El Petiso sintió su virilidad crecer cómo nunca, rompiendo las verduras con su falo ahora tempestuoso y deseoso de venganza con todas las ocasiones en que intentó ser un macho con la Polaca y todo quedó con su sexo hecho un colgajo inerte de carne y la mirada tristemente divertida de ella. La presión de las cebollas sobre su pecho lo sofocaba dulcemente, un gozo desconocido le enardecía el miembro, su corazón, sus venas y sus jugos. La policía se puso a la par del Valiant e intentó cruzarse en su camino para detenerlo, pero fue infructuoso. El Narigón desde el techo del auto les arrojaba cebollas que sacaba por la ventanilla abierta. Los dos agentes de la ley decidieron seguir entonces al auto sin intervenir por el momento. El cuerpo del Petiso exudaba líquido, la ruta ante él se mostraba fuera de foco, envuelta en neblina; su pene latía cómo un pulpo en las profundidades, cada vez más rápido

…Entonces empezaron a caer chispas desde el cielo…

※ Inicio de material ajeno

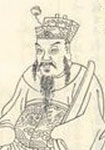 陈叔宝的名句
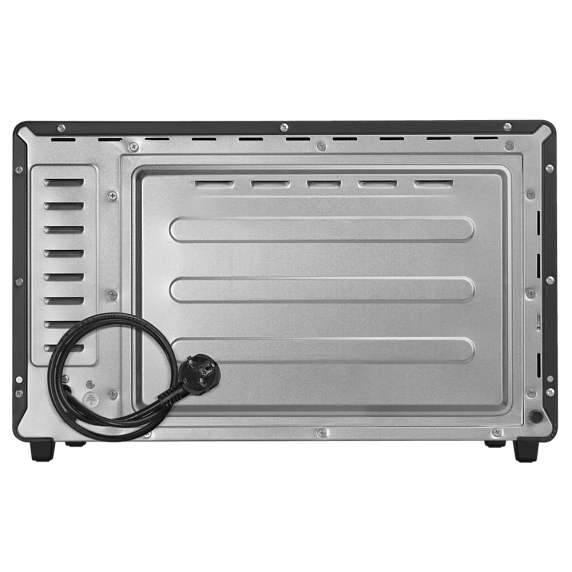 Мини-печь Maunfeld MMO-373MB01 preview 8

El Petiso eyaculó entre las cebollas que lo ahogaban y le brindaban el sofoco que necesitaba, que le era imprescindible. Sumido por la falta de oxígeno dejó de pisar el pedal del acelerador y el Valiant se detuvo en la mitad de la ruta, bajo las luces azules de las balizas; los dos oficiales bajaron del auto y el Narigón pegó un salto del techo y se metió entre unas viñas oscuras y peladas y corrió hasta licuarse con las sombras.

Después de salir de la cárcel el Petiso fue a buscar a la Polaca y ella descubrió que apretándole el cuello hasta dejarle sus uñas clavadas él se convertía en un macho cabrío que la hacía aullar entre las sábanas. Sus gritos rebotaban en las paredes del prostíbulo y hacían que los otros comensales se sintiesen aturdidos por la fruición ajena. De a poco la Polaca le fue cobrando menos dinero por sus servicios, hasta que en un momento no le cobró más y se fue con él, tomados de la mano bien lejos y se abrazaron y abrasaron por largos años.

El Narigón todavía sigue corriendo, arrojando cebollas a diestra y siniestra.